US set to reimpose sanctions on Iran after Trump junks N-deal
Washington, May 9 : With President Donald Trump junking the landmark nuclear deal with Iran, the US will now reimpose the stringent sanctions it placed on Tehran before the 2015 agreement and is considering new penalties, the US media reported today.
Trump yesterday argued that the deal struck by the previous Obama administration and world powers was “defective at its core” and that he would pull out and reimpose sanctions on Iran, the world’s fifth-biggest oil producer.
The US will now reinstate all the sanctions it had waived as part of the nuclear accord, and it will impose additional economic penalties that are now being drawn up by the Treasury Department, The New York Times reported.
US Treasury Secretary Steven Mnuchin declined yesterday to specify what additional sanctions the Trump administration might impose on Iran, but he expressed confidence that they would still be powerful even if other American allies did not follow suit.

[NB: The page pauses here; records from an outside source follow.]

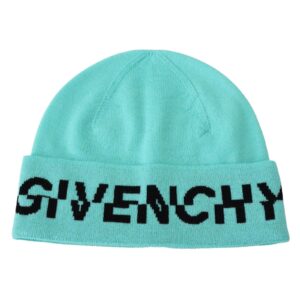 GIVENCHY Beanie Hat with Aquamarine Green Logo One Size Men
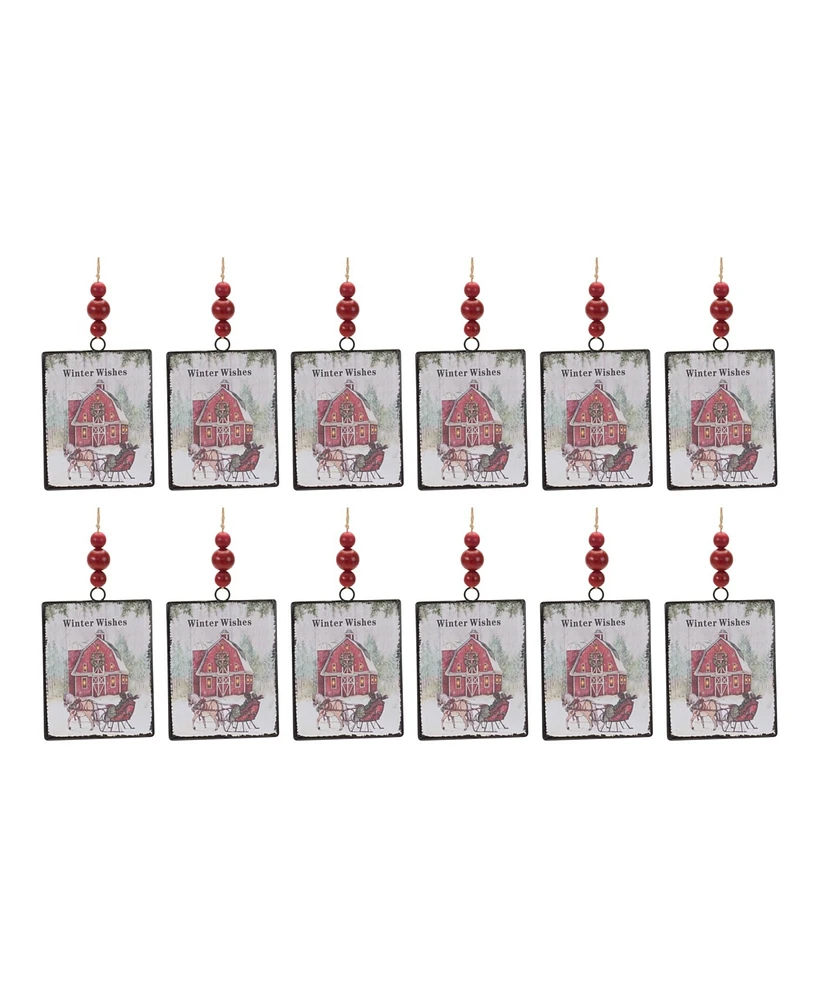 Slickblue Glass Winter Wishes Barn Ornament (Set of 12)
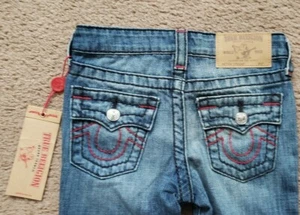 NWT True Religion Boys Straight Big T Jeans, Size 5, Red Stitching - Picture 1 of 4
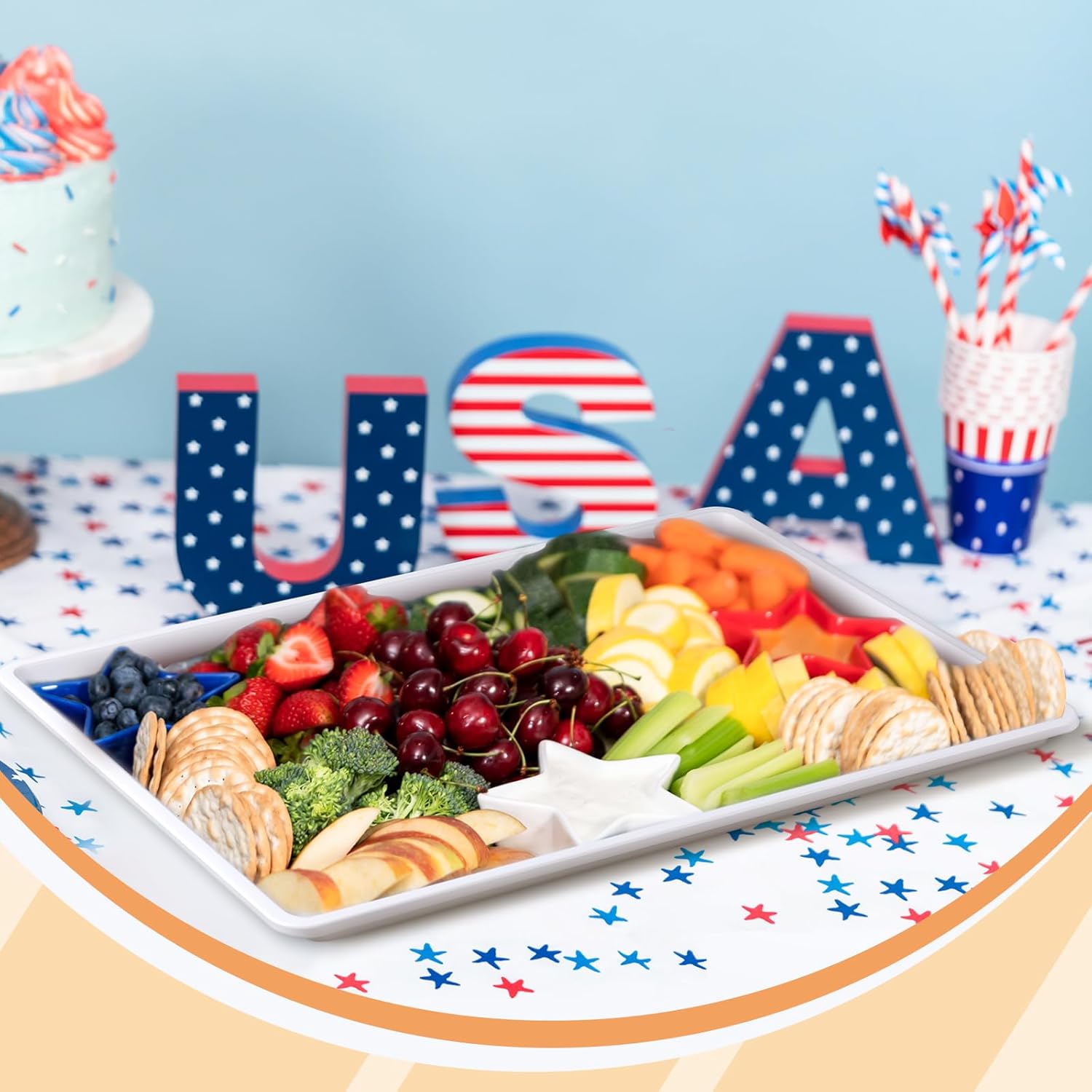 2 Pcs 18 x 26 Inch Large White Plastic Tray Rectangular Plastic Serving Trays Decorative Party Platters Large Fast Food Platters for Kitchen Restaurant Buffet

“We do not want to let Iran use the US financial markets and financial system and transact in dollars until they agree that not only will they not have a nuclear weapon now, but we’ve put in provisions that they will never have one,” Mnuchin said.
He said the sanctions would target industries mentioned in the deal, including Iran’s oil sector, aircraft manufacturers exporting to Iran and Iranian government attempts to buy US dollar banknotes.
Under the financial sanctions, European companies will have 90 to 180 days to wind down their operations in Iran, or they will run afoul of the American banking system. The sanctions on oil will require European and Asian countries to reduce their imports from Iran, the paper said.
Mnuchin also insisted that the restrictions would not drive up oil prices because other suppliers would pick up the slack.
“My expectation is not that oil prices go higher,” he said. “To a certain extent, some of this was already in the market on oil prices,” he added.
Iran ramped up its oil production by one million barrels per day after sanctions were lifted in early 2016.
At least some of that oil will now be pulled from the market — at a time when oil prices are already rising because of production cuts by the Organization of the Petroleum Exporting Countries (OPEC) and Russia as well as instability in Venezuela, CNN Money reported.
Iran produced about 3.8 million barrels of oil per day in April, according to the latest S&P Global Platts OPEC survey.
The Washington Post said that Trump gave little indication of what happens now.
“He proposed no new strategy. He offered no ideas for how to achieve what he called “a real, comprehensive and lasting solution to the Iranian nuclear threat,” it noted.
To many of president Trump’s critics, including some in both parties and the European leaders who spent the past several months trying to address his concerns, there is no Plan B, it said.
Trump’s interpretation of US strategic interests has also led to withdrawal from major international climate and trade accords, the paper said, noting that many have expressed concern about the lack of a visible plan.
In the past, Trump has sometimes said that the Europeans cared only about making money in Iran. In their many conversations with Trump about Iran this year, the Europeans asked him to avoid damaging their own investments there, even if he decided that the United States was out of the deal, the Post reported.
Major European and US companies are likely to be hit. Some exemptions are due to be negotiated but it is not yet clear what, the BBC reported.
US National Security Adviser John Bolton is reported as saying that European companies doing business in Iran will have to stop doing so within six months or face US sanctions.
The Trump administration made it clear that there would be no exceptions to its reinstatement of sanctions that had been lifted as part of the 2015 nuclear agreement signed between Iran and and the five permanent members of the UN Security Council – the US, UK, France, China and Russia – plus Germany.